让我们回到正题。Event Time和Ingestion Time的Watermark上下文部分都继承了WatermarkContext抽象类:
WatermarkContext抽象类
// StreamSourceContexts.class第339行
/**
* An abstract {@link SourceFunction.SourceContext} that should be used as the base for
* stream source contexts that are relevant with {@link Watermark}s.
*
* <p>Stream source contexts that are relevant with watermarks are responsible of manipulating
* the current {@link StreamStatus}, so that stream status can be correctly propagated
* downstream.

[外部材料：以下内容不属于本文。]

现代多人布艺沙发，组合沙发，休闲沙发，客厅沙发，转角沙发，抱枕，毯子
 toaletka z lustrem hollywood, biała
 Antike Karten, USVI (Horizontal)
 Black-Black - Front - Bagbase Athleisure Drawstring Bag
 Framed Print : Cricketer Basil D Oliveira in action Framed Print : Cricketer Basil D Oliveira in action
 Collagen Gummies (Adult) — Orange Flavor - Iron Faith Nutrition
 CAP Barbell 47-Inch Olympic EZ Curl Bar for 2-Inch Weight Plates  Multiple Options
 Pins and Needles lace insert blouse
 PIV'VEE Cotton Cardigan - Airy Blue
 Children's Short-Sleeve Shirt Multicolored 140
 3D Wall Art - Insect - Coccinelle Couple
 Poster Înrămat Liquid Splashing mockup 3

Please refer to the class-level documentation of {@link StreamStatus} for
* information on how stream status affects watermark advancement at downstream tasks.
*
* <p>This class implements the logic of idleness detection. It fires idleness detection
* tasks at a given interval; if no records or watermarks were collected by the source context
* between 2 consecutive checks, it determines the source to be IDLE and correspondingly
* toggles the status. ACTIVE status resumes as soon as some record or watermark is collected
* again.
*/
private abstract static class WatermarkContext<T> implements SourceFunction.SourceContext<T> {
protected final ProcessingTimeService timeService;
protected final Object checkpointLock;
protected final StreamStatusMaintainer streamStatusMaintainer;
protected final long idleTimeout;
private ScheduledFuture<?> nextCheck;
/**
* This flag will be reset to {@code true} every time the next check is scheduled.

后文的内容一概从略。